• WORK INSTRUCTIONS:
Please restate, word for word, the lines below that begin at the one with "A small green" and end at the one with "Trozos de hielo y gotas sobre un fondo azul". Leave out all other lines.

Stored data

________

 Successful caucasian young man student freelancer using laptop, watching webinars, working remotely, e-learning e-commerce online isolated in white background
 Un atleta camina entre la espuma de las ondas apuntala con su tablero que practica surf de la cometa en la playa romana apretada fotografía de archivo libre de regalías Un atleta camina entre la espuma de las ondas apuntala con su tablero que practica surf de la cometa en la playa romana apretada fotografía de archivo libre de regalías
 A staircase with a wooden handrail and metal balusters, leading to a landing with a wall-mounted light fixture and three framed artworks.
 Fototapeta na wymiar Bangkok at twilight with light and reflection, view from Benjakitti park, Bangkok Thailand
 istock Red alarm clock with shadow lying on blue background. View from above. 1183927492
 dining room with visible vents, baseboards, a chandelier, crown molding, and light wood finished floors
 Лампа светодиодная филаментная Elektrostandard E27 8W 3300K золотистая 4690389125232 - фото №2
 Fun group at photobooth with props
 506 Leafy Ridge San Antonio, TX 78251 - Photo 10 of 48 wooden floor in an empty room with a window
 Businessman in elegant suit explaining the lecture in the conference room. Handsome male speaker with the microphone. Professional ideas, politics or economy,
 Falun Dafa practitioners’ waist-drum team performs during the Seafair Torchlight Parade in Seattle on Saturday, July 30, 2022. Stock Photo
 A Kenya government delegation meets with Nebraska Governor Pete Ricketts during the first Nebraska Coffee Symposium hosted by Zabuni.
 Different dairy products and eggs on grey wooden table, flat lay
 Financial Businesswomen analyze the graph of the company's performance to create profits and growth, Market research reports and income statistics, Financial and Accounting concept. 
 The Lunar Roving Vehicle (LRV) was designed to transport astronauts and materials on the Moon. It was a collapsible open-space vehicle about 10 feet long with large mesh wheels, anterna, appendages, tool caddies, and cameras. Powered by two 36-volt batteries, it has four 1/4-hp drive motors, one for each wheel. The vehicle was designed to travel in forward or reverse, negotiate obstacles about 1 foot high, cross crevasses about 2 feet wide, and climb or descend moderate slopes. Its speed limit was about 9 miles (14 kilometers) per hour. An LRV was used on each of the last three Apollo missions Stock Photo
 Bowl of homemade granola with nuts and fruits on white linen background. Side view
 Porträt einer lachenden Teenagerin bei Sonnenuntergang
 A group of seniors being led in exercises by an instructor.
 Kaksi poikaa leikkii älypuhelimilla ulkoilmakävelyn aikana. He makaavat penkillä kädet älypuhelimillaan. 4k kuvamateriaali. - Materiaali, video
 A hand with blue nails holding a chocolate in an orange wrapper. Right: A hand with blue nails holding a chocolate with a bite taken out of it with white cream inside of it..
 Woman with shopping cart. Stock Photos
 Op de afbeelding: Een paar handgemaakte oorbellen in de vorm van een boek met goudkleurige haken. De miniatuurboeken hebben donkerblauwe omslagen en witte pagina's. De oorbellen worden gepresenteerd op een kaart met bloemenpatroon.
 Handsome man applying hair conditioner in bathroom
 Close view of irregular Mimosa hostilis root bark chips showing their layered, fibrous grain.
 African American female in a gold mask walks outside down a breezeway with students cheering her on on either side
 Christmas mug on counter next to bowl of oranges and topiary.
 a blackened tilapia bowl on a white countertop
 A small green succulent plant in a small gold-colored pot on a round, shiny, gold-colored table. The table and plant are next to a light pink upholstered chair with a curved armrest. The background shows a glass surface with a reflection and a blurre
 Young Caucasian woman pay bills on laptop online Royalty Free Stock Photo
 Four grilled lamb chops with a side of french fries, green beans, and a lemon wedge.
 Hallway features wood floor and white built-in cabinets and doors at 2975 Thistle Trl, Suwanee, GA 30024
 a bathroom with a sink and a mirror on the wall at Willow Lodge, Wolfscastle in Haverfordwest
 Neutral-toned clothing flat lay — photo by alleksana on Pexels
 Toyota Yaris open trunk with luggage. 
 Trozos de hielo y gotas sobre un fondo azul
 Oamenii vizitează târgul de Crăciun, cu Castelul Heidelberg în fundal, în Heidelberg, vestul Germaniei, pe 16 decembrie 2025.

________

• ANSWER FOR THIS EXERCISE:
 A small green succulent plant in a small gold-colored pot on a round, shiny, gold-colored table. The table and plant are next to a light pink upholstered chair with a curved armrest. The background shows a glass surface with a reflection and a blurre
 Young Caucasian woman pay bills on laptop online Royalty Free Stock Photo
 Four grilled lamb chops with a side of french fries, green beans, and a lemon wedge.
 Hallway features wood floor and white built-in cabinets and doors at 2975 Thistle Trl, Suwanee, GA 30024
 a bathroom with a sink and a mirror on the wall at Willow Lodge, Wolfscastle in Haverfordwest
 Neutral-toned clothing flat lay — photo by alleksana on Pexels
 Toyota Yaris open trunk with luggage. 
 Trozos de hielo y gotas sobre un fondo azul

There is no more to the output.